Yes, extremists, whether from the right or the left, appear to be offering certainties, and people want certainties. That is worrying.

But I want to look at our own house, before we criticise the rest of Europe. There are two options. We can either draw more of the decision making up into Brussels, which clearly has not worked, or we can draw it down to member states, which is what I think we need to do. In that regard, we should start at home. Let me give an example of what I mean. Early in October, I turned the radio on and tuned into the "Today" programme, hoping to have my daily rant at John Humphrys. Our Secretary of State for Trade and Industry was talking about age discrimination legislation. I thought that it was very good legislation, and that I would have enjoyed, and have felt proud as a Labour MP, and campaigning and saying, "This is what we have done."

But what happened? That is the first I had heard of that legislation, so I sent an e-mail to the Library, asking whether the House of Commons had ever debated that it. The Library wrote back saying that the legislation was statutory instrument 2006/2408. It could find no debates on it in the Commons, but there was a debate in the Lords, on 30 March. Of course, the Lords cannot amend statutory instruments. I read the relevant Lords Hansard and discovered that they did indeed debate it—from 4.22 to 4.54 pm, which is a grand total of 32 minutes. I did a little more reading, and I was given the website link for the relevant research paper. This morning, I asked for a hard copy of it. It has not been printed yet.

Since 1997, there have been nine attempts to introduce anti-age discrimination legislation—via ten-minute Bills and amendments to existing legislation, for example— so this issue has exercised the House. That is good, but I would have liked to know about it. There is another reason the House should debate such legislation at length. When Ministers stand at the Dispatch Box and explain their understanding of such legislation, courts then refer to such statements in interpreting that legislation.

There was another element of that "Today" programme that really upset me. When the Secretary of State for Trade and Industry was asked whether the new anti-age discrimination legislation would be incompatible with certain UK legislation, he said that it had yet to be tested in the courts. I do not have a problem with legislation being tested in the courts, but we need to give courts guidance on how we regard it. When such legislation affects all our constituents—indeed, this legislation will have ramifications that we have not even dreamt of yet—we need to be much more realistic about how we deal with and debate it in this House.

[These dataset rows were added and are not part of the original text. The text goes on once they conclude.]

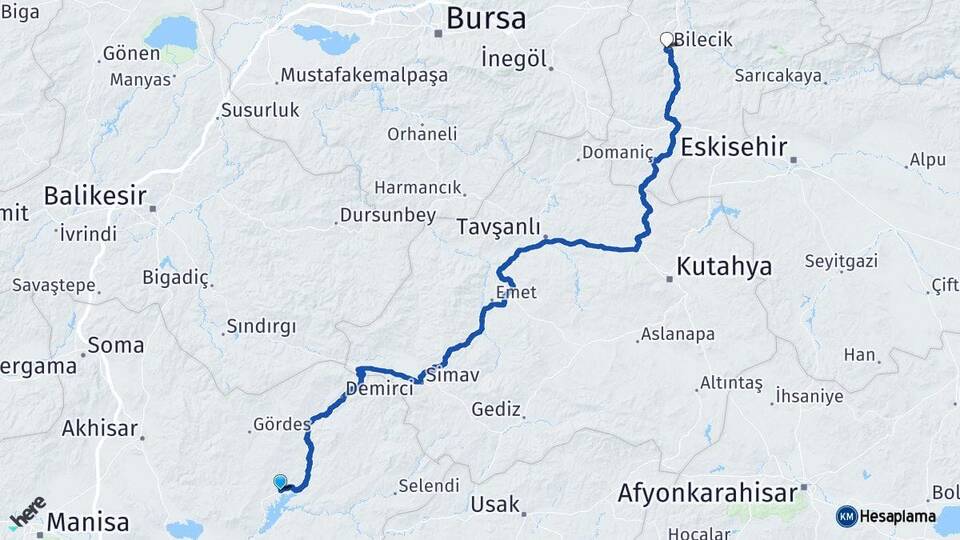Manisa Köprübaşı Bilecik Arası Kaç Km - Yol Haritası
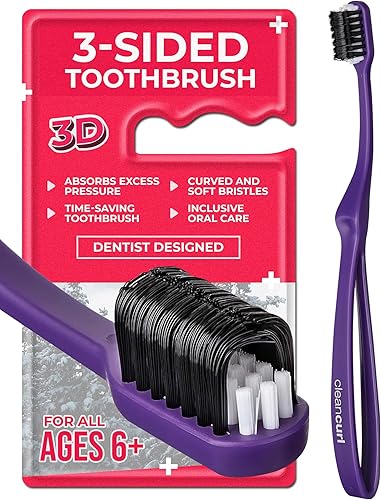 edel+white CleanCurl Cepillo de dientes - Implante de rizo suave 3D y cuidado de las encías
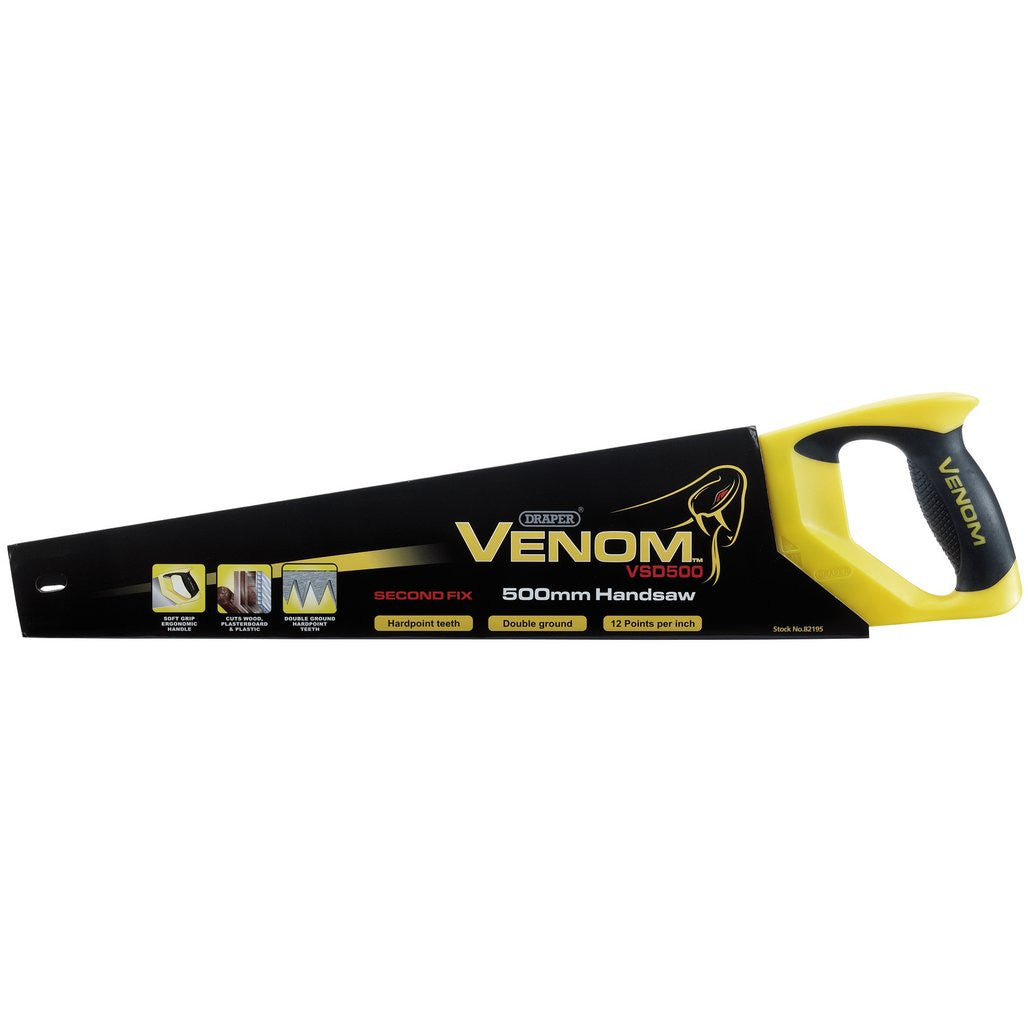 Draper Venom® Second Fix Double Ground Handsaw, 500mm, 11tpi/12ppi  82195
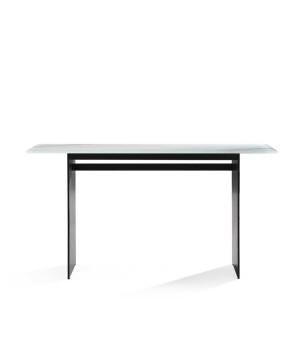 console contemporaine anglet gris anthracite plateau sérigraphié pierre de jade face Design minimaliste fonctionnel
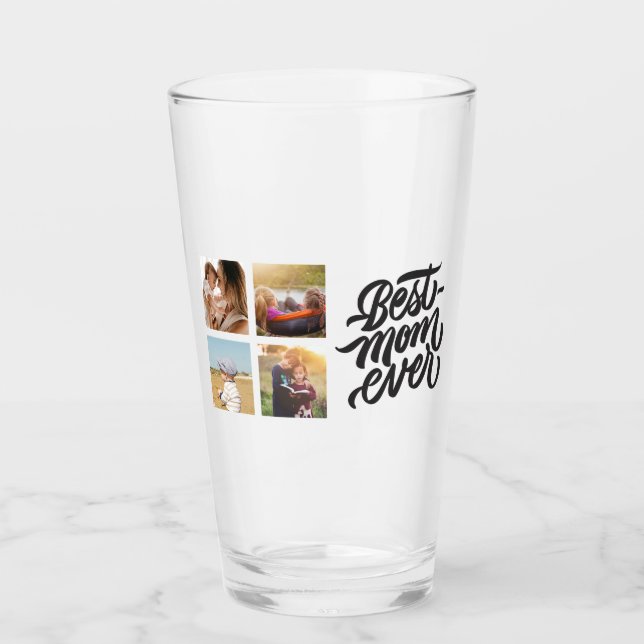 Beste Mama je Personalisiert 4 FotoCollage Glas (Vorderseite)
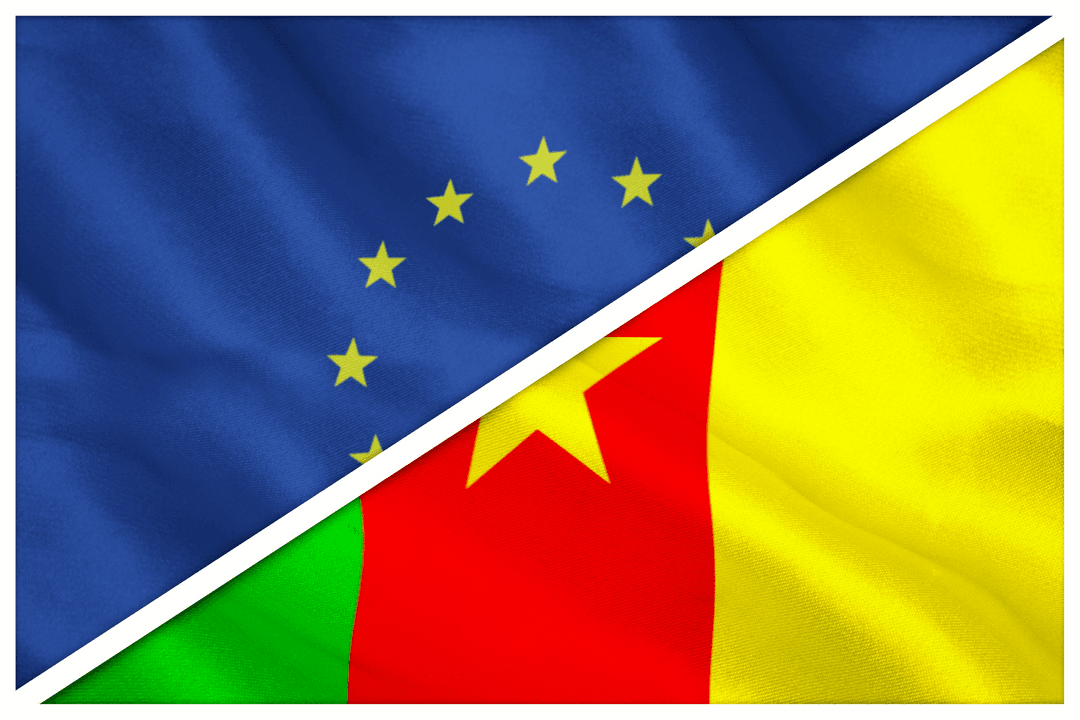 Transparent Overlay of European and Cameroonian Flags
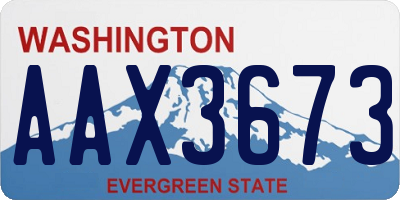 WA license plate AAX3673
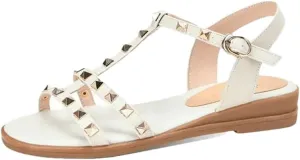 Womens Buckle Strap Back Strap Flat Heel Open Side Vamp Fisherman Sandals Cow Leather Studded Rivets Casual Summer Sandals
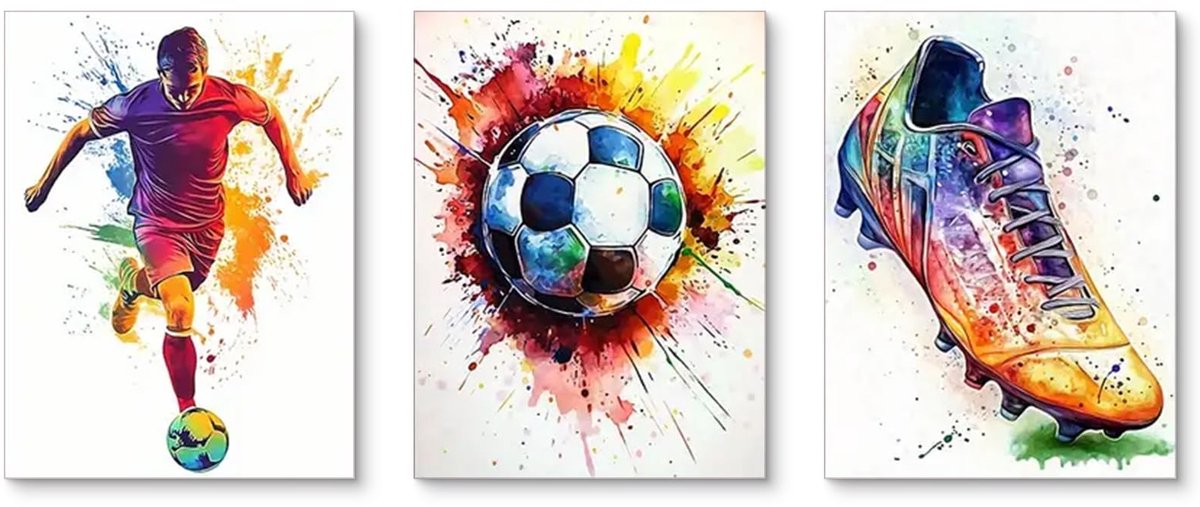 Unyqoos Set van drie kleurrijke voetbalposters voor moderne wanddecoratie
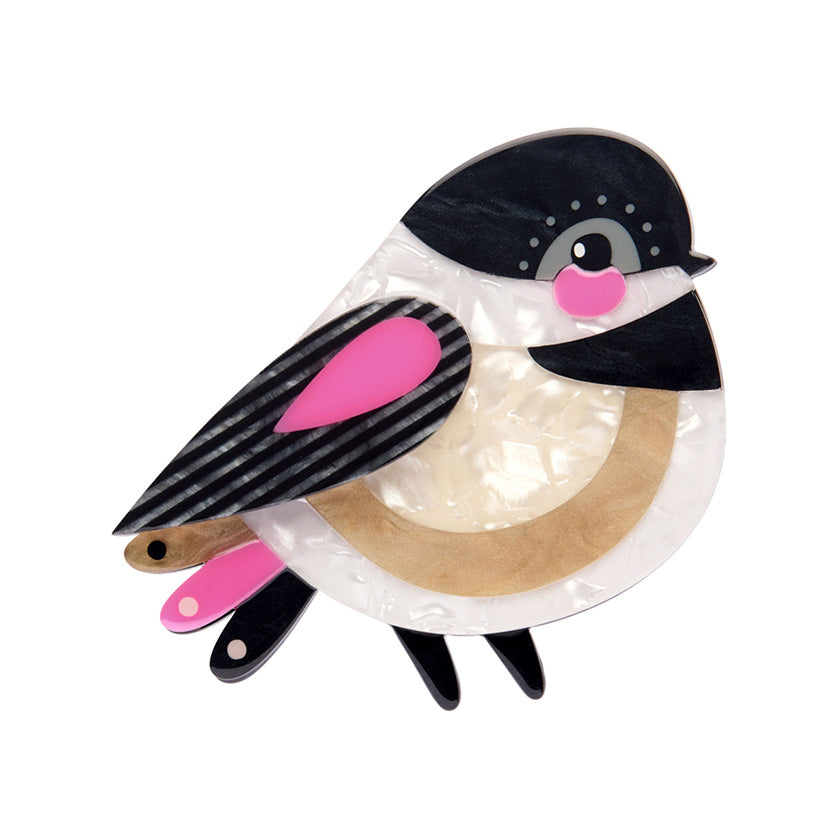 Erstwilder x Pete Cromer North America - The Chirpy Black-Capped Chickadee Brooch available at Have You Met Charlie?, a unique gift store in Adelaide, South Australia.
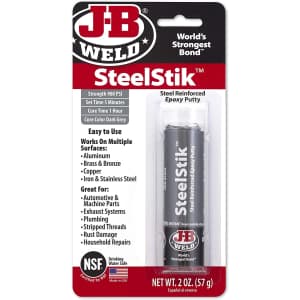 J-B Weld SteelStik 2-oz. Steel-Reinforced Epoxy Putty Stick for $5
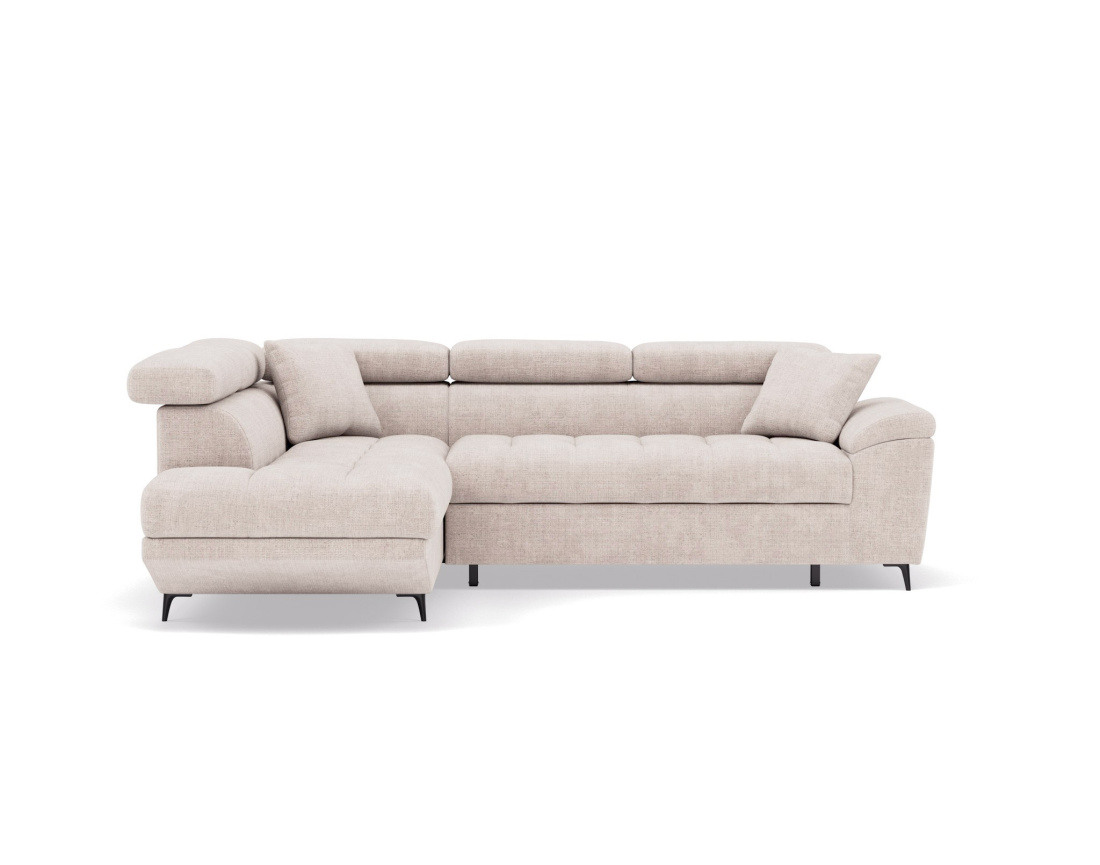 Canapé d'angle gauche 5 places convertible avec têtières et coffre en velours texturé Camille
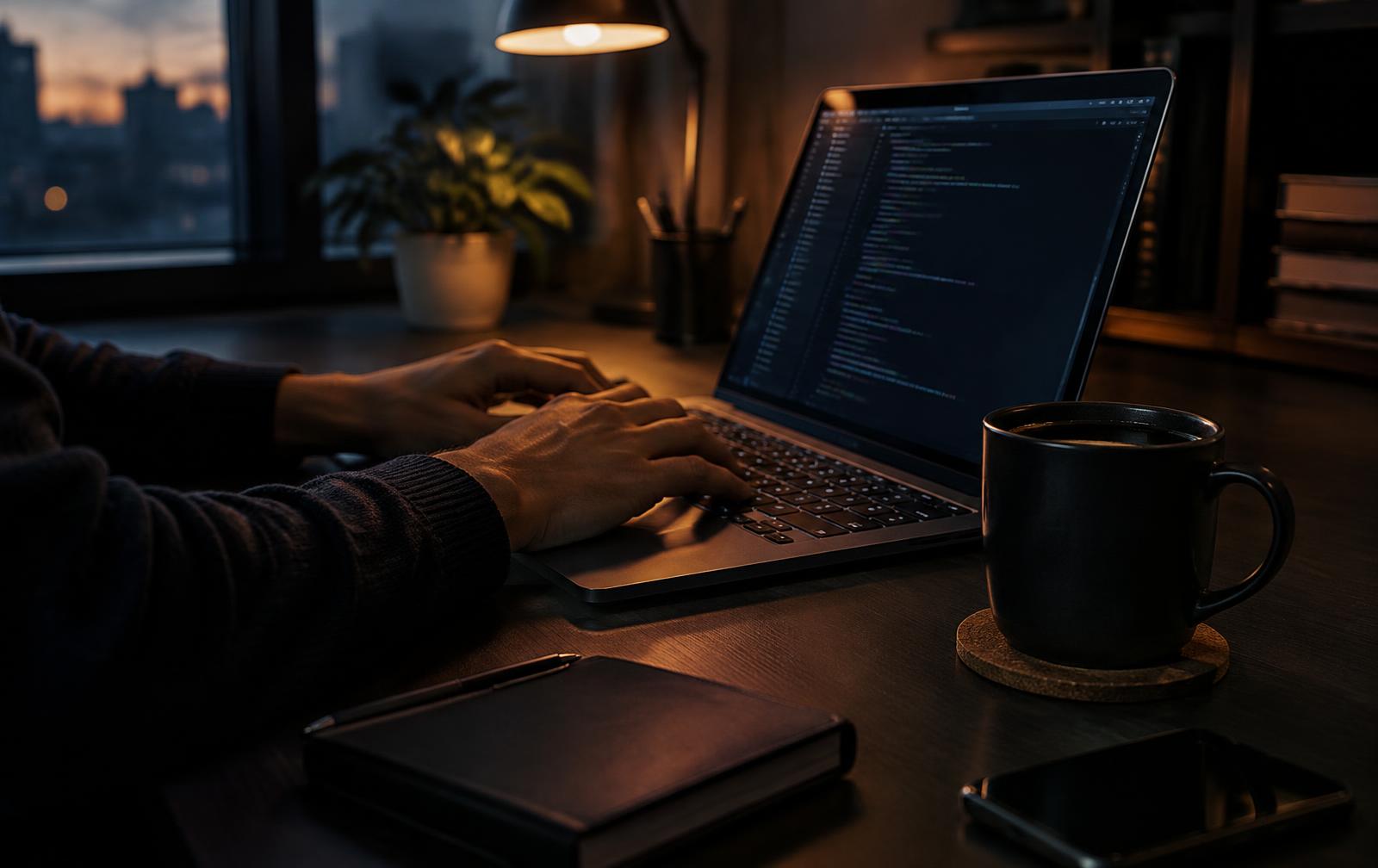 Hands on a laptop keyboard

I have three suggestions. First, we should have a proper Europe Minister. By that I mean a Minister who is in the Cabinet, who has regular —[Interruption.] The current Minister for Europe is a perfect candidate and I would propose him for that role. Indeed, I want to enhance his role. In addition to being in the Cabinet, he should have regular question sessions at the Dispatch Box as the Minister for Europe, during which he explains all the decisions taken at European level that impact on domestic legislation, and how matters will be co-ordinated across Whitehall. That role is currently fulfilled by our permanent representative in Brussels, but I would like it to be fulfilled by someone of Cabinet rank who is regularly answerable to this House. Indeed, in terms of its political significance, that role is almost one for the Deputy Prime Minister.